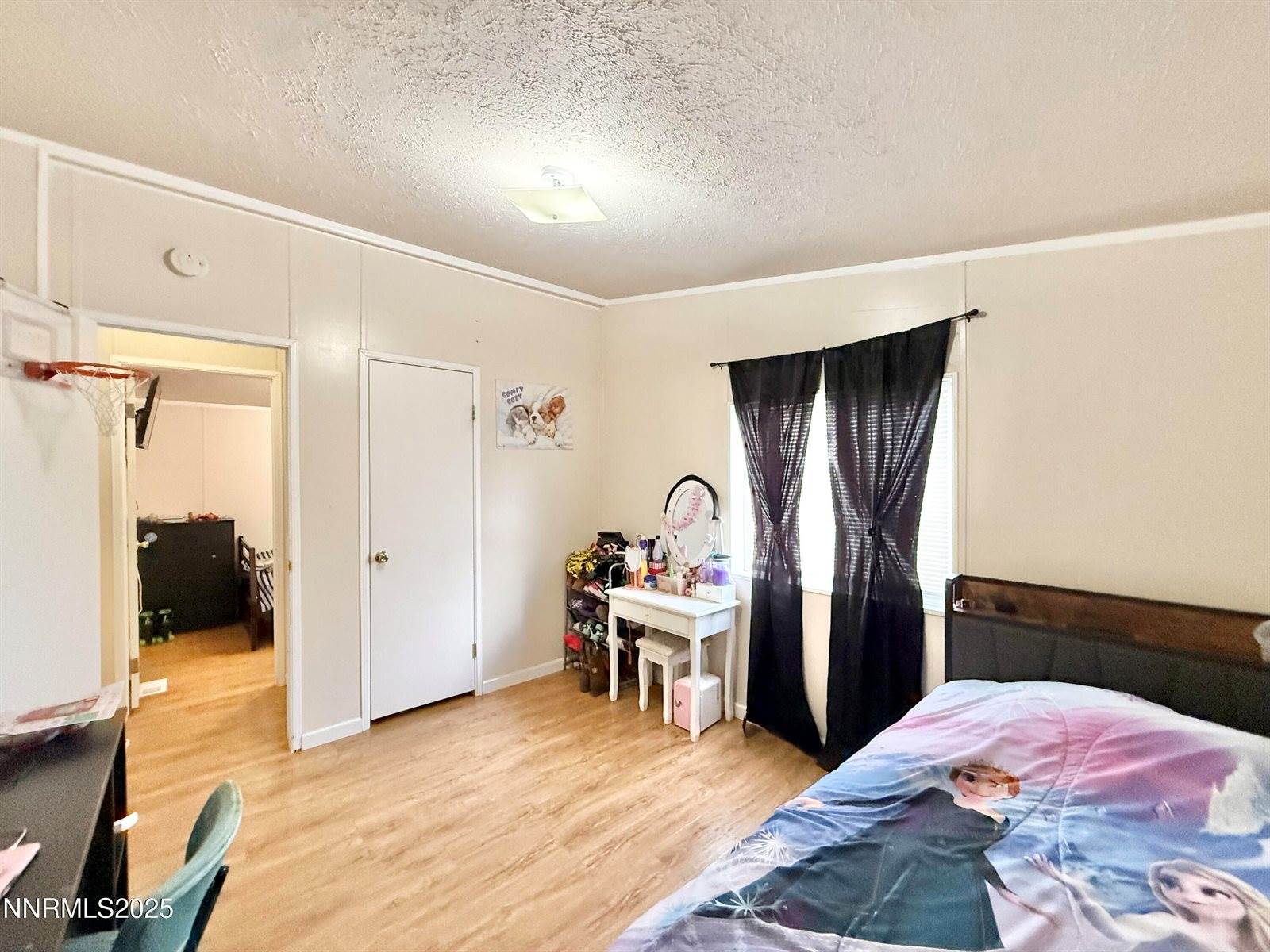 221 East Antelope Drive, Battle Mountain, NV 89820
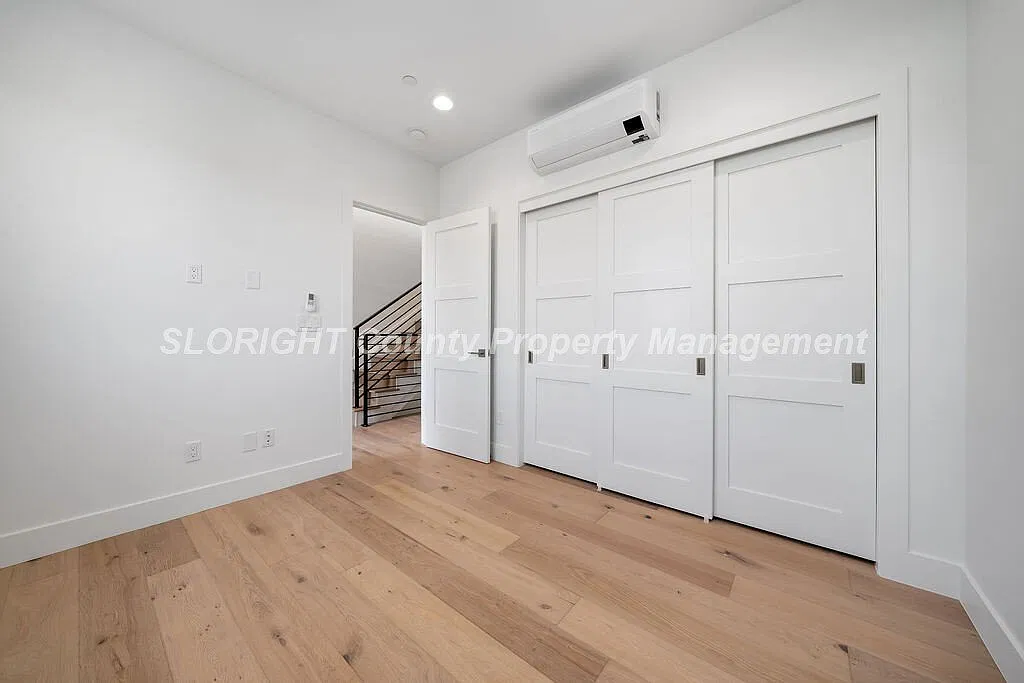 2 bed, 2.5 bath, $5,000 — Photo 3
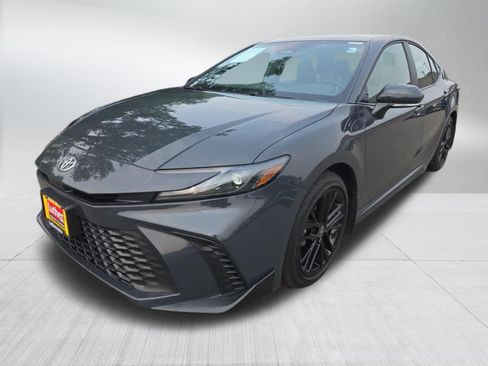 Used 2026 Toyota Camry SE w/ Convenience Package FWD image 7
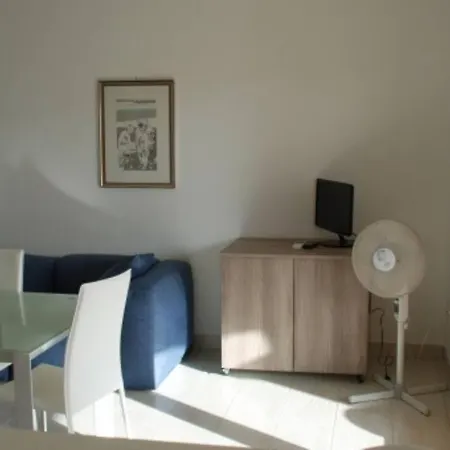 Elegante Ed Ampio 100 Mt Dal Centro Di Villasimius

...

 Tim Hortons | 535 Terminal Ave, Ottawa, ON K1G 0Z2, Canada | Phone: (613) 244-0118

To do: Within the data above, repeat exactly the lines from the one bearing "221 East Antelope" through the one bearing "Elegante Ed Ampio". Include no pictures and nothing else.

Output of the exercise:
 221 East Antelope Drive, Battle Mountain, NV 89820
 2 bed, 2.5 bath, $5,000 — Photo 3
 Used 2026 Toyota Camry SE w/ Convenience Package FWD image 7
 Elegante Ed Ampio 100 Mt Dal Centro Di Villasimius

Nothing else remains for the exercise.